Er erinnerte sich an den Namen einiger Verlage, und suchte also mit eifrig, geradezu hektisch die Telefonnummer des größten Buchverlages der ganzen Welt hervor, um sogleich dort anzurufen und zu verlangen, den Geschäftsführer zu sprechen. Als ihm die Dame am Telefon keine Verbindung mit diesem herstellen wollte, stellte sich Klang, mit nochmaliger Betonung seiner akademischen Grade erneut vor und wiederholte sein Anliegen, die letzte und größte Offenbarung, die diese Welt jemals sehen würde, gerade bei ihrem Verlag drucken zu lassen.

>>Mein Herr<<, antwortete das junge Ding, >>hier rufen täglich ein halbes Dutzend selbst ernannter Propheten an, die behaupten, sie hätten mit Gott gesprochen oder solches Zeug.<< Sie blieb zwar höflich, aber Klang merkte langsam, dass er bei ihr nicht weiterkommen würde. Na schön, dachte er ärgerlich, so hat diese Praktikantin dem Verlag wohl das Geschäft des Jahrhunderts verdorben!

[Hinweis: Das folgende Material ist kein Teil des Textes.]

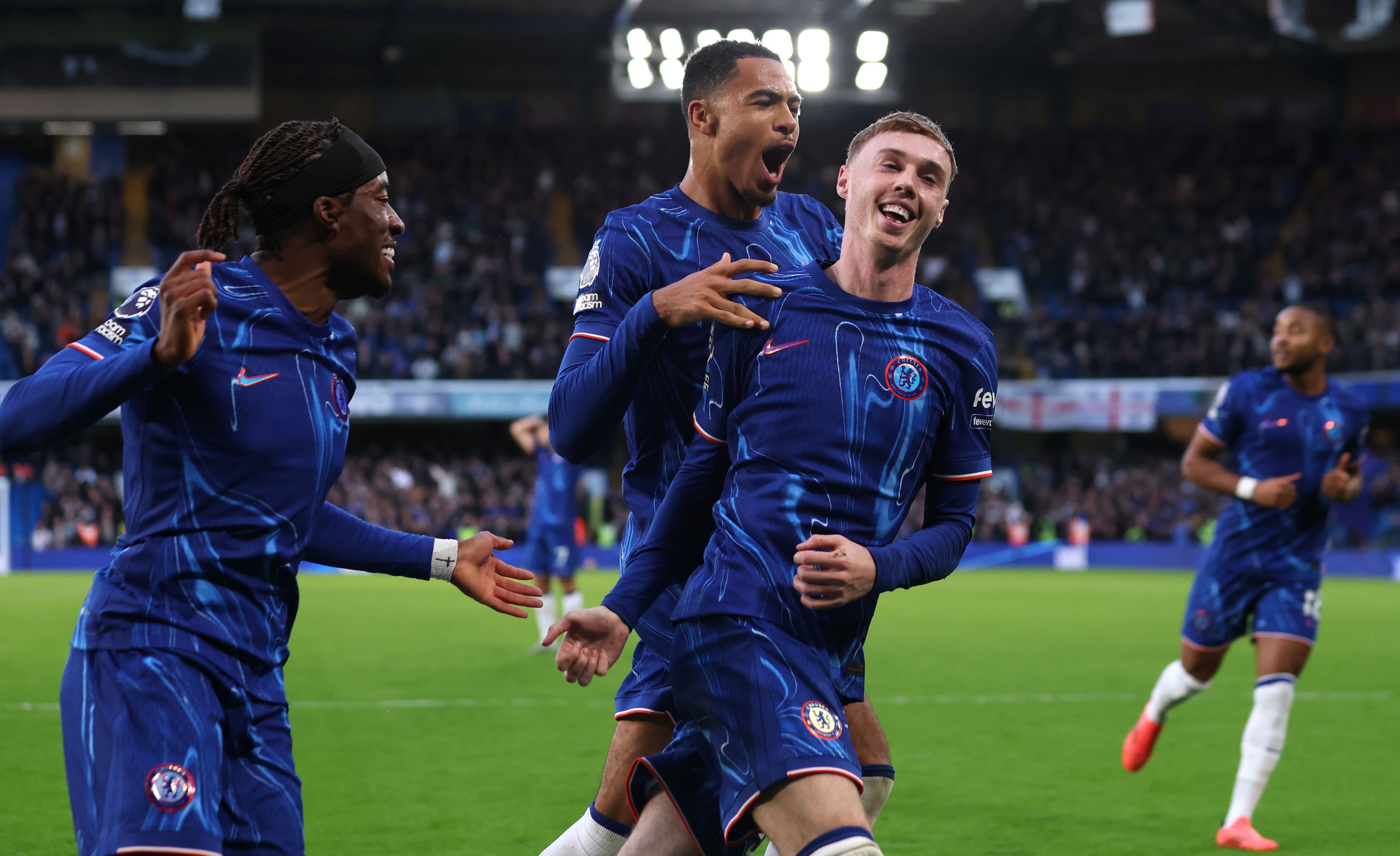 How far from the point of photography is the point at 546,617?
46.9 ft

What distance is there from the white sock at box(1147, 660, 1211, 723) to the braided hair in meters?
5.26

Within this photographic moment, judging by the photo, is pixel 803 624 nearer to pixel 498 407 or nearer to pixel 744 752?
pixel 744 752

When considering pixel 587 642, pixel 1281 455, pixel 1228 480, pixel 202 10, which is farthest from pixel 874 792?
pixel 202 10

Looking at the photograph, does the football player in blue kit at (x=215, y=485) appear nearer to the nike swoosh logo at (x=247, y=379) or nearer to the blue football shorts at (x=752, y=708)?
the nike swoosh logo at (x=247, y=379)

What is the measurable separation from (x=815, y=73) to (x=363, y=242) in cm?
2349

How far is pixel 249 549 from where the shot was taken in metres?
2.83

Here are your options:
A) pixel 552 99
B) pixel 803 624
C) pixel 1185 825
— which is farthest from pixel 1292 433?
pixel 552 99

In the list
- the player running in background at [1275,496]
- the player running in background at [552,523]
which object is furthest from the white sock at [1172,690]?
the player running in background at [552,523]

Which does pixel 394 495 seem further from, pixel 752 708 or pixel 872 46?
pixel 752 708

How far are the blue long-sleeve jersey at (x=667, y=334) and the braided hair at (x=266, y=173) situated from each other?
27.3 inches

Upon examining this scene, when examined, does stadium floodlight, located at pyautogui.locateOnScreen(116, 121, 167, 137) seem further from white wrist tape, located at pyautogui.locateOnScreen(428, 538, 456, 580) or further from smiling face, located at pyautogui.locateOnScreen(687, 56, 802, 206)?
white wrist tape, located at pyautogui.locateOnScreen(428, 538, 456, 580)

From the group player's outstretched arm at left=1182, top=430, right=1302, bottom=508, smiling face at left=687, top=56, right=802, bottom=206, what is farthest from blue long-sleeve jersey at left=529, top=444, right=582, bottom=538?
smiling face at left=687, top=56, right=802, bottom=206

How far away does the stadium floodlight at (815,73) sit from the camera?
25641mm

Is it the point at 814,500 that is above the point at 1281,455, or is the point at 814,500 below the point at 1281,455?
above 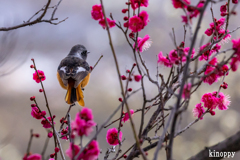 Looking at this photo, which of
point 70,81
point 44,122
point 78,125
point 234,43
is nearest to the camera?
point 78,125

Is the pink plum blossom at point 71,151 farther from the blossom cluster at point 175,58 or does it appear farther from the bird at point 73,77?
the bird at point 73,77

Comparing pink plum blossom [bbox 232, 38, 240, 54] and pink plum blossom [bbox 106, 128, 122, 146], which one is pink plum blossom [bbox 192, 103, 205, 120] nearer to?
pink plum blossom [bbox 106, 128, 122, 146]

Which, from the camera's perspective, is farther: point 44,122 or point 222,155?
point 44,122

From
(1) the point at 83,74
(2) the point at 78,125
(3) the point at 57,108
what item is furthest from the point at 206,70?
(3) the point at 57,108

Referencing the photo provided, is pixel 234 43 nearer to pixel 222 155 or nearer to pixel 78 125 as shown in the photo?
pixel 222 155

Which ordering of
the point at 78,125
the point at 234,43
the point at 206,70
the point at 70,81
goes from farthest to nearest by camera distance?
1. the point at 70,81
2. the point at 206,70
3. the point at 234,43
4. the point at 78,125

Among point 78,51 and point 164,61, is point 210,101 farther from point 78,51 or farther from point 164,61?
point 78,51

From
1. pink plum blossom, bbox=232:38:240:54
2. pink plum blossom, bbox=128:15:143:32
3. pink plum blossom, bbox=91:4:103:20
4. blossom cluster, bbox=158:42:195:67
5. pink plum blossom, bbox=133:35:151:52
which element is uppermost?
pink plum blossom, bbox=91:4:103:20

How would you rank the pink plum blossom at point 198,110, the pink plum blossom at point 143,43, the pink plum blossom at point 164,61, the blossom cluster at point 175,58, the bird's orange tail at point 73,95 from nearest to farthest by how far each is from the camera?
1. the blossom cluster at point 175,58
2. the pink plum blossom at point 164,61
3. the pink plum blossom at point 143,43
4. the pink plum blossom at point 198,110
5. the bird's orange tail at point 73,95

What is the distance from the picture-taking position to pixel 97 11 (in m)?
1.36

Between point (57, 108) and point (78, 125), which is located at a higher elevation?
point (57, 108)

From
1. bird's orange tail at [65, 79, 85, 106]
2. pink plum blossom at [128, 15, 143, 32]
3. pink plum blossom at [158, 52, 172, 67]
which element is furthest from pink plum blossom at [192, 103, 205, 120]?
bird's orange tail at [65, 79, 85, 106]

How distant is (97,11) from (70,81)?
4.75 feet

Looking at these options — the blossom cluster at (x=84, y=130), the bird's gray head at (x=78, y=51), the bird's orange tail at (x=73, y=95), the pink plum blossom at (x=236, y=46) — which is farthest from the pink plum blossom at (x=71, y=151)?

Verständnislos gegenüber der Dummheit der ungebildeteten Leute, wählte er also die Nummer des zweitgrößten Verlages der Welt. Zu Klangs größtem Leidwesen sollte sich herausstellen, dass der erste Fall kein Zufall gewesen war.

Als man drittgrößten Verlag der Welt höflich nachfragte, wie er denn zu solchen Erkentnissen gekommen sein wollte, fasste er, obwohl überrascht, schnell und eloquent den mathematischen wie den logischen Beweis seiner Behauptung zusammen und konnte sogar anhand seiner beispielhaften Berechnungen praktische, handfeste Belege liefern, wozu das alles zu gebrauchen war. Wütend bemerkte Klang, vielleicht eine oder zwei Minuten zu spät, dass man am anderen Ende bereits aufgelegt hatte.

Das Beste, was ihm noch passierte, war eine genaue Nachfrage, wie denn das Buch aufgebaut sei, beim sechst- oder siebtbesten Verlag, den er auf seiner Liste hatte.

>>Nun, die inhaltliche Prägnanz bei solchem Informationsgehalt wäre kaum zu übertreffen<<, erklärte Klang lebhaft, >>es handelt sich lediglich um eine Formel und eine Wortdefinition.<<

>>Eine Formel?<<

>>Natürlich, die Wahrheitsformel eben! Dann noch ein oder zwei Sätze, worum es sich dabei handelt, der ganze Rest ist völlig selbsterklärend. Natürlich,<<, er geriet plötzlich ins Überlegen, >>für die Interessierteren unter den Lesern könnte ich noch die Beweise der verschiedenen Sätze anhängen, die zur eigentlichen Formulierung geführt haben, vielleicht noch ein paar Tagebucheinträge von meiner Hand... wobei ich Sie bitten würde, diese noch einmal durchzusehen, denn ich weiß selbst, dass mein Stil in den letzten Jahre etwas nachgelassen hat.<< Am anderen Ende der Leitung herrschte für einige Momente Stille.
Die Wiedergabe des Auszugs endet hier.